What Comes Next? Resilience lessons for liberal democracy’s renewal


21st Forum 2000 Conference

Are there lessons for renewal from democracies that have faced executive degradation of pre-weakened democratic institutions, particularly countries with polarized populations?

In What Comes Next? Lessons for the Recovery of Liberal Democracy, a report for the Democracy Fund, Carnegie analysts Rachel Kleinfeld and David Solimini examine cases of democratic decline and subsequent renewal in Italy under Silvio Berlusconi, Colombia under President Álvaro Uribe, Louisiana during the Huey Long period, Argentina during the populist regimes of Carlos Menem and the Kirchners, South Korea’s President Park Geun-hye, Peru during the reign of Alberto Fujimori, and India under Indira and Rajiv Gandhi.

They also consider the similarities and differences between these states and countries that faced executive degradation and have not yet recovered, particularly Hungary, Poland, Turkey, and Venezuela.

Existential insecurity and cultural polarization undergird the rise of populist politics, observers suggest.

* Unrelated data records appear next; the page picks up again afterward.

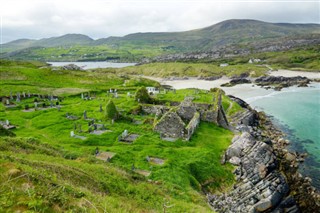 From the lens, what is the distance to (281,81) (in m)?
132

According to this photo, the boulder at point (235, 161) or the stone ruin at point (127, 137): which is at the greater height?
the stone ruin at point (127, 137)

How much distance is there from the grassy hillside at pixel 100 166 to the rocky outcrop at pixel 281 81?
70060 millimetres

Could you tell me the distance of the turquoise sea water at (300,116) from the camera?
46.2 metres

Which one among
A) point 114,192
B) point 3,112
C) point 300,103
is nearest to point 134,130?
point 114,192

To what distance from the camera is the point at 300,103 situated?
9031 centimetres

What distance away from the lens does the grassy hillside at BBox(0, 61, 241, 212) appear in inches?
473

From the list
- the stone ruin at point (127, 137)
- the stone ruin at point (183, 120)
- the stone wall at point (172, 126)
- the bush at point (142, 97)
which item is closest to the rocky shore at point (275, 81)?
the bush at point (142, 97)

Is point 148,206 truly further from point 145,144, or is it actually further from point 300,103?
point 300,103

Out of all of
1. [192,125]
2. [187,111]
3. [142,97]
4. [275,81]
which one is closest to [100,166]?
[192,125]

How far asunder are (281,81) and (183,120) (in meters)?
101

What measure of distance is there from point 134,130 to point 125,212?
2828 centimetres

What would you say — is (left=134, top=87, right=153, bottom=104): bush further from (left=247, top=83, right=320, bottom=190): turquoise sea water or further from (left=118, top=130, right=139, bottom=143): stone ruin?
(left=247, top=83, right=320, bottom=190): turquoise sea water

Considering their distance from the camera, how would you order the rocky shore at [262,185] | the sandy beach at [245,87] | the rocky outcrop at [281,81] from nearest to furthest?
1. the rocky shore at [262,185]
2. the sandy beach at [245,87]
3. the rocky outcrop at [281,81]

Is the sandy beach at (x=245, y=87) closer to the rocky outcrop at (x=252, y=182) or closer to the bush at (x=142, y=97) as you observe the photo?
the bush at (x=142, y=97) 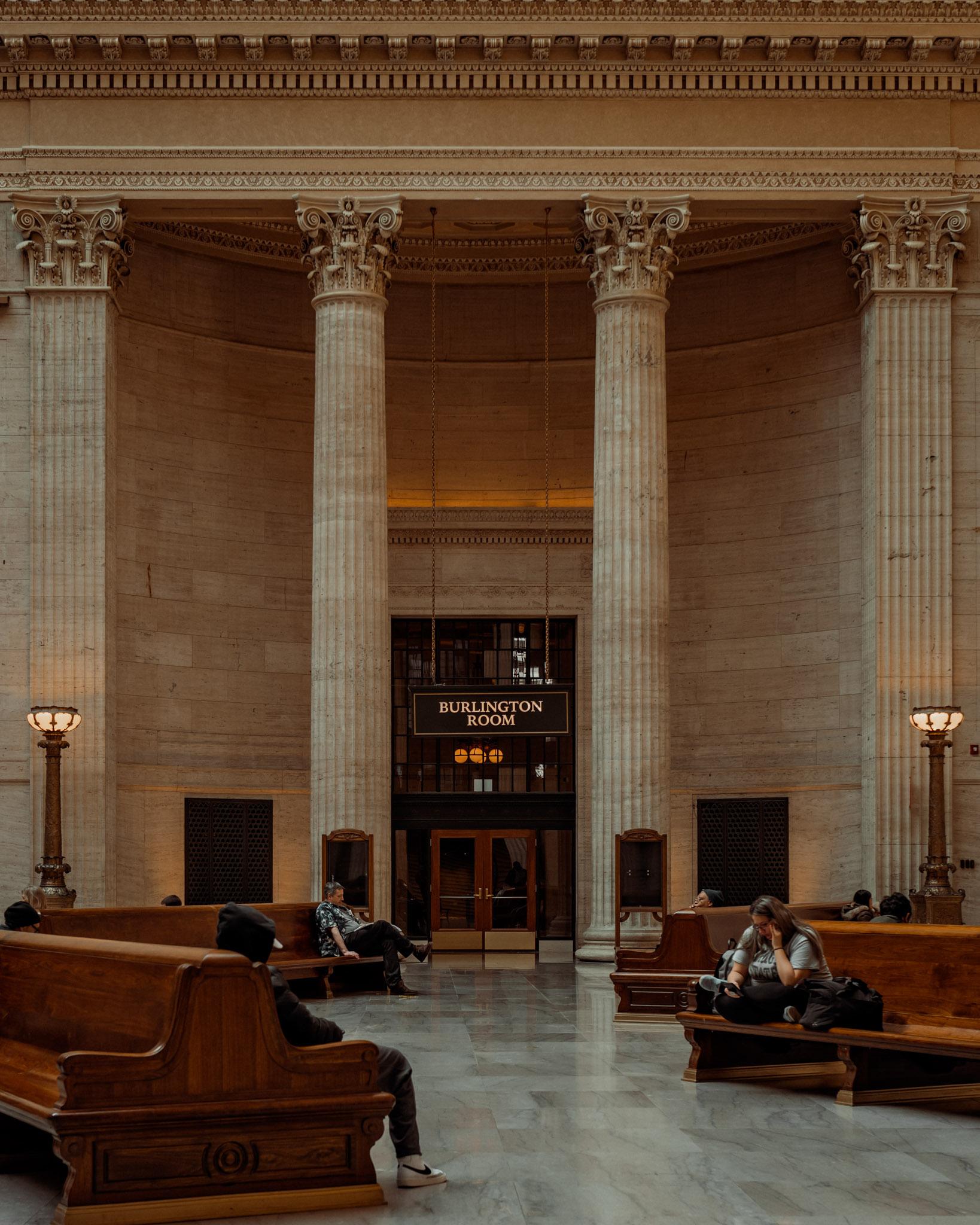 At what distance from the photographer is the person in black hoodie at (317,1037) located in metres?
7.28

The political consequences of the ongoing tension between materialist and post-materialist values is the focus of “The Silent Revolution in Reverse: Trump and the Xenophobic Authoritarian Populist Parties,” by Ronald Inglehart, Jon Miller and Logan Woods, analyst Thomas B. Edsall writes for The New York Times. Beginning in the 1970s, Inglehart writes, while economies continued to grow,

in high-income countries virtually all of the gains have gone to those at the top. During the past three decades, a large share of the population has experienced declining real income and job security, in context with a massive influx of immigrants and refugees. This has fueled support for xenophobic populist authoritarian movements such as British exit from the European Union, France’s National Front and Donald Trump’s takeover of the Republican Party. Cultural backlash explains why given individuals support xenophobic populist authoritarian movements — but declining existential security explains why support for these movements is greater now than it was thirty years ago.

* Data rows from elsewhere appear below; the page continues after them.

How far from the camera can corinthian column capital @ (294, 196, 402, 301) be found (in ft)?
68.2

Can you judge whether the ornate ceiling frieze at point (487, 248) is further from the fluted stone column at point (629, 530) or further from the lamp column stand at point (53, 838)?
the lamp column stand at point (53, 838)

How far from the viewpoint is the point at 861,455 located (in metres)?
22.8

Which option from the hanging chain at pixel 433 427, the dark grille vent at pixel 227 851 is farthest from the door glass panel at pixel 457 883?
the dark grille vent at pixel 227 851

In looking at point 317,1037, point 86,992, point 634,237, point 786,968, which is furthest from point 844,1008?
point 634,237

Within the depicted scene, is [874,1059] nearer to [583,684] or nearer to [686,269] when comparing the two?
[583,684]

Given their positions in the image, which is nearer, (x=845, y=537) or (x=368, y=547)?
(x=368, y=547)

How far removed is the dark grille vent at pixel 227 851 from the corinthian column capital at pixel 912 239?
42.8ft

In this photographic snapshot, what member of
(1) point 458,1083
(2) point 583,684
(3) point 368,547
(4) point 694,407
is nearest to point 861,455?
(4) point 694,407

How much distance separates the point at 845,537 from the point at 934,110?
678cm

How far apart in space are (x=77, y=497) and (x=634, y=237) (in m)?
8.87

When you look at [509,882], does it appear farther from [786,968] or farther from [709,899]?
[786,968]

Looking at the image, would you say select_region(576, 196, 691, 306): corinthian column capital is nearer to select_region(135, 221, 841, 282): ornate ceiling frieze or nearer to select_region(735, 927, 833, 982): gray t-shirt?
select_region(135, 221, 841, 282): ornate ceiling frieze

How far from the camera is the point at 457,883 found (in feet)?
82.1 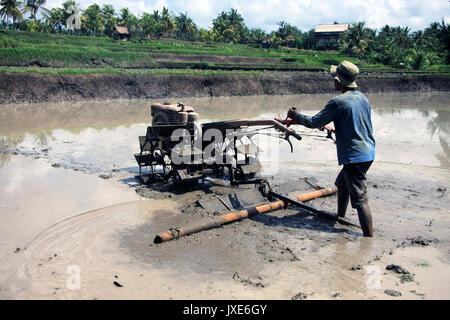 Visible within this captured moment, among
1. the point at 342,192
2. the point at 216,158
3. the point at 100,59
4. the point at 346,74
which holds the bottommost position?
the point at 342,192

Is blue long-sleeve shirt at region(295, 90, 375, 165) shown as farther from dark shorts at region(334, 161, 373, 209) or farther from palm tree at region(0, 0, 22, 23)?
palm tree at region(0, 0, 22, 23)

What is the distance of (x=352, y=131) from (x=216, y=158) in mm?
2811

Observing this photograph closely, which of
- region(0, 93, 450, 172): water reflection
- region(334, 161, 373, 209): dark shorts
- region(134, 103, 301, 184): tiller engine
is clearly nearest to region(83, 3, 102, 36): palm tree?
region(0, 93, 450, 172): water reflection

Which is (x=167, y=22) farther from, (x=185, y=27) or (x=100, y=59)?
(x=100, y=59)

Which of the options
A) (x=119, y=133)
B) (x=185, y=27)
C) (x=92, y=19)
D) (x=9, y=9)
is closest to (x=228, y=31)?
(x=185, y=27)

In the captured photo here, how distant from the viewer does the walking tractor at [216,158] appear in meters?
5.91

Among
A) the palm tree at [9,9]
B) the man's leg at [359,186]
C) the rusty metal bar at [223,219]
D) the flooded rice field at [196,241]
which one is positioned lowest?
the flooded rice field at [196,241]

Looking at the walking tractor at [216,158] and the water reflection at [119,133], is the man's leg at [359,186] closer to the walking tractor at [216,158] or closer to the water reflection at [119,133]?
the walking tractor at [216,158]

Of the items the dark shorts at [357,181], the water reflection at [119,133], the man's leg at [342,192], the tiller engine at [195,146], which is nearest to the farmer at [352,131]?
the dark shorts at [357,181]

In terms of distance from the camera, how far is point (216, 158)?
22.9 ft

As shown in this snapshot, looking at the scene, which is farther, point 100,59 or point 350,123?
point 100,59

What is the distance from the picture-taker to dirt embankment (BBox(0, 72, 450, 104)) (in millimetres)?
21281

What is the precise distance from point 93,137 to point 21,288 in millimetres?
8771

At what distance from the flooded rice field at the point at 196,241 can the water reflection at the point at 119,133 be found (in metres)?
0.22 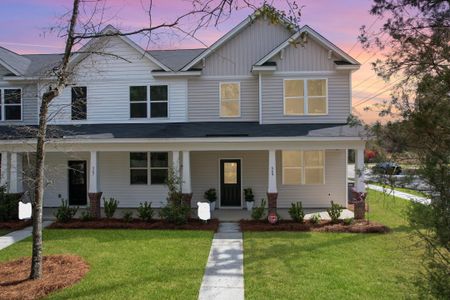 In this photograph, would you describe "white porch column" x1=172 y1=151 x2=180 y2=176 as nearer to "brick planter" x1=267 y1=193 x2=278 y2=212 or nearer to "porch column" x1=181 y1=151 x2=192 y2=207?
"porch column" x1=181 y1=151 x2=192 y2=207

In their new book, “Prius or Pickup,” Marc Hetherington and Jonathan Weiler, political scientists at the University of North Carolina-Chapel Hill, divide the electorate into three constituencies (which I discussed briefly in an earlier column). Those voters with what they call a “fixed worldview” and those with a “fluid worldview” are at the two extremes, adds Edsall:

A theme common to both “Prius or Pickup” and of “The Silent Revolution in Reverse” is that fear — fear of loss, fear of scarcity, fear of terrorism, fear of cultural challenge, fear of immigrants — is driving the least secure in society to the right, with significant support from those caught in the middle, And this insecurity is not limited to those with stagnant or diminishing economic resources. It also includes those who are doing well individually but who live in declining areas, those who fear the loss of white hegemony, and those who think they see a morally alien culture taking hold around them — on television, movies and the internet — and those who feel that their status is threatened by the rise of racial, ethnic and cultural minorities.

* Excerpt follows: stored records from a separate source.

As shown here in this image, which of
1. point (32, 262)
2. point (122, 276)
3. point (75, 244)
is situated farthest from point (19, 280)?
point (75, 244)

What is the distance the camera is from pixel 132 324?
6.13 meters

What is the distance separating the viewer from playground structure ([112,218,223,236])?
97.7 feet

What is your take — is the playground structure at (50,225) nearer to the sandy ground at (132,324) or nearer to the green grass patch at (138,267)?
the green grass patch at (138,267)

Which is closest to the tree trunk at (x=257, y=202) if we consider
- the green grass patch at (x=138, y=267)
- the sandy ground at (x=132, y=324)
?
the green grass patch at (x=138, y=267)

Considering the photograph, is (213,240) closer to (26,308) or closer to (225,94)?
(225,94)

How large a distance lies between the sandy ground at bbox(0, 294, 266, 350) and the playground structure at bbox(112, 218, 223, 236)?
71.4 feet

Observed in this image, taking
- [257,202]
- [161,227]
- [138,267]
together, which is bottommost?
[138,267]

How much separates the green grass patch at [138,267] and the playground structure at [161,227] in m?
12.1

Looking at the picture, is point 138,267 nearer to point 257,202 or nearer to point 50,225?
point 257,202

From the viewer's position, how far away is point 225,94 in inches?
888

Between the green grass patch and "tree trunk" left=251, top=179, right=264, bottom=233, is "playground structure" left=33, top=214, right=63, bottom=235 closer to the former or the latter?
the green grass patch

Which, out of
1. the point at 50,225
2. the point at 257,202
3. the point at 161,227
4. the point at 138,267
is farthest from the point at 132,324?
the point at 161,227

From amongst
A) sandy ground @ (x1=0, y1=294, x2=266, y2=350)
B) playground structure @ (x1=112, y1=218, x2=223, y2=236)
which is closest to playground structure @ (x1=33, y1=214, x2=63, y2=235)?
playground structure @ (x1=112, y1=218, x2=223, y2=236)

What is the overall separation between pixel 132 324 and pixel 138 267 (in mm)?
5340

The rise of far-right, illiberal populism across the world is an affront to core American values and a challenge to U.S. global leadership, according to a new analysis from the Center for American Progress. In order for the United States to advocate effectively for democracy and human rights on the global stage and maintain an advantage in great power competition with authoritarian states such as China and Russia, its government will need to adopt bold new policies that help vulnerable democracies resist authoritarian influence and strengthen a growing global democratic community, say CAP analysts Max Bergman,  Carolyn Kenney and Trevor Sutton.

The United States can accomplish this in three ways, they contend:

  • First, instead of shunning efforts to promote democracy and human rights, the United States should put its democratic values at the heart of its foreign and security policy. This should entail building and strengthening relationships with democratic states and devoting more resources to aid democracies.
  • Second, democratic political leaders, nongovernmental organizations, and the free press should call out and confront illiberal leaders’ efforts to undermine democratic institutions and processes.
  • Third, and most dauntingly, pro-democracy advocates need a clear, alternative economic agenda to counter those advocated by populists and to push back on populist scapegoating of minority populations.